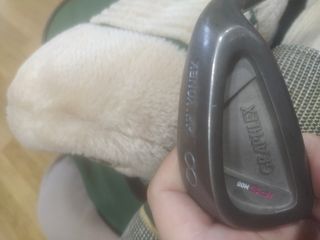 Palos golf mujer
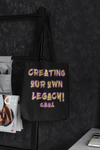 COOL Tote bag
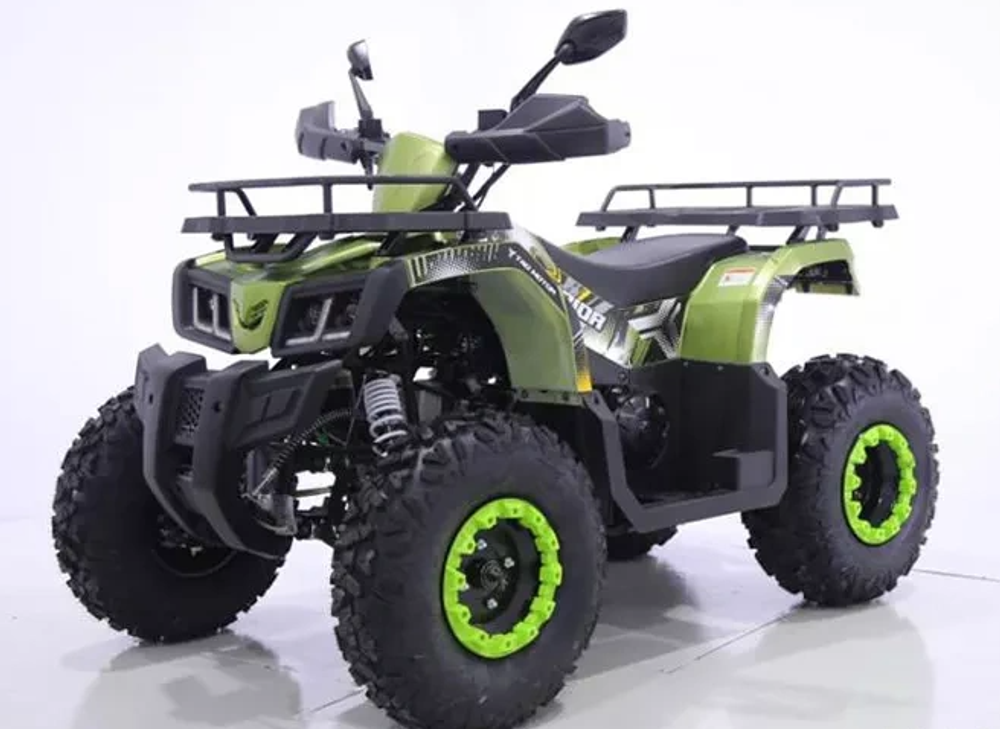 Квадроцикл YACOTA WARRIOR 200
* * *
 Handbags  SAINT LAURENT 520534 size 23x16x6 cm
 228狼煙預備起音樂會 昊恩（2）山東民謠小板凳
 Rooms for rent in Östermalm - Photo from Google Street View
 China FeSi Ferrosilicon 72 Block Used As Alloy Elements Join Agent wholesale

WHAT THE TASK REQUIRES:
Nothing but the lines above from the one that has "Palos golf mujer" down to the one that has "Квадроцикл YACOTA WARRIOR 200" belongs in the answer, copied exactly, without pictures.

WRITTEN ANSWER:
 Palos golf mujer
 COOL Tote bag
 Квадроцикл YACOTA WARRIOR 200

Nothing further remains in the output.